Quote: "Over time, we’ve encountered some remote candidates who want London
rates whilst living in a lower-cost country. I don’t mean them any harm, but
can’t think of any other term but “greedy”."

Julien, I'm sorry, but if I were considering your company as a potential
employer, a statement like this would immediately make question your good
faith. Ensuring that I can afford an "identical standard of living" as my
colleagues is an extremely questionable principle, even if you were able to
actually objectively determine that (which you can't).

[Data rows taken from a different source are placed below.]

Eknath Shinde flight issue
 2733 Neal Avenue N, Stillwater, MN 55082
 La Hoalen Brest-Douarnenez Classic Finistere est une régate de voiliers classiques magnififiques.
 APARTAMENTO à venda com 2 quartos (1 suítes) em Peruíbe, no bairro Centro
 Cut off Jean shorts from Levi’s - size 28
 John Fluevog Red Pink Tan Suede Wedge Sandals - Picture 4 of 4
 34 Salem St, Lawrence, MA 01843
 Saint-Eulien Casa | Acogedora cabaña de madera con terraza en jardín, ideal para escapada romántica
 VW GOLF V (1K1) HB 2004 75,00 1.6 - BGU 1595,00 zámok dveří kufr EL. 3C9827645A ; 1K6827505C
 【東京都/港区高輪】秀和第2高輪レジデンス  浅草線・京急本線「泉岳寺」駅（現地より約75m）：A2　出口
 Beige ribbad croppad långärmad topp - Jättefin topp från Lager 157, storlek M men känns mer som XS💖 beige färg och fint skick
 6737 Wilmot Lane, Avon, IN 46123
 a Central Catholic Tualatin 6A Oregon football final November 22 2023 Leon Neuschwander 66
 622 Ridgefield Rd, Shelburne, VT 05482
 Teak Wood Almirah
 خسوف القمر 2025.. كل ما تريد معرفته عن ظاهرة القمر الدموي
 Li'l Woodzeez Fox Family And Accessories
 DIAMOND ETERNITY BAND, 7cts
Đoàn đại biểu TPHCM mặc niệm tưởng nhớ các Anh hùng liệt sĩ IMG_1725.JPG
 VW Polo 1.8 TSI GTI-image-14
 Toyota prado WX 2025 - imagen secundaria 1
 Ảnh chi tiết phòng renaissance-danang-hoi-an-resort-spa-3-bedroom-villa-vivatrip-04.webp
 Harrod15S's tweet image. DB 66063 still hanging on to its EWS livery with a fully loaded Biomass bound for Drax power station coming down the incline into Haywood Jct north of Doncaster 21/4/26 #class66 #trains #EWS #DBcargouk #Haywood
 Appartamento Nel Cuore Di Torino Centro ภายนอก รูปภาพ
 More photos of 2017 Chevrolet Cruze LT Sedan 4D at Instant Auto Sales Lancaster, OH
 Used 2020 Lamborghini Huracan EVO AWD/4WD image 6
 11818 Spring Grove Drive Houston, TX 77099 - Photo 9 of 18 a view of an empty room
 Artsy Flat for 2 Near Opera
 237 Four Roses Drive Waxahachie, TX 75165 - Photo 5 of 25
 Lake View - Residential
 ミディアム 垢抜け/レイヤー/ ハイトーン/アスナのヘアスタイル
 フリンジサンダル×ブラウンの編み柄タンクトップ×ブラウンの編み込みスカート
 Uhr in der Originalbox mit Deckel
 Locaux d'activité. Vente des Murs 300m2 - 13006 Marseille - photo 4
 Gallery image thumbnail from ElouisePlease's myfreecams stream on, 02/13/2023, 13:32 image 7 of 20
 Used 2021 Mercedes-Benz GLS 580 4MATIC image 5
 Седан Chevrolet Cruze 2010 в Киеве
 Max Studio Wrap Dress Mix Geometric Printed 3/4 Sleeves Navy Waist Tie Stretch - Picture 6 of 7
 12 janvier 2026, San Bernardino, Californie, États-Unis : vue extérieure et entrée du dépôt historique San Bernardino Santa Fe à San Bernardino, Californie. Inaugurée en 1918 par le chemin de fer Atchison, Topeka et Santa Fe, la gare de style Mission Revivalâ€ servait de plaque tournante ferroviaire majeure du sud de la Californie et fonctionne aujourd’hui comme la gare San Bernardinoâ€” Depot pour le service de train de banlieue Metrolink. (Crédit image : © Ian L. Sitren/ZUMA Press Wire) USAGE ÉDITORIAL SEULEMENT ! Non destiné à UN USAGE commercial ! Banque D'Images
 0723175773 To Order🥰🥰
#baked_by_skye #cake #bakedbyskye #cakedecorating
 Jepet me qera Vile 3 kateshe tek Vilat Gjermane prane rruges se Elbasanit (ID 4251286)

What business of yours is it that I choose to live in Berlin vs. Zurich or
Bratislava? You wouldn't pay more a person with a severely disabled dependent
requiring round the clock care, would you, even though this circumstance will
affect her happiness and productivity greatly. You wouldn't be able to pay
less a person that lives in a London suburb an hour and a half away on a
train. The choice of locale and cost of living is one of principal advantages
of working remotely, and it's the employee's decision and not yours whether
the net benefit of their arrangement (salary + cost of living + subjective
locale benefits) is adequate.

You may think that your ability to hire doesn't suffer as a result of your
beliefs on this point, but I suspect that you're (perhaps knowingly) giving up
on a category of highly qualified senior candidates that are smart enough to
not accept your self-proclaimed bullshit right to decide (conveniently) what
compensation is fair based on their locale alone.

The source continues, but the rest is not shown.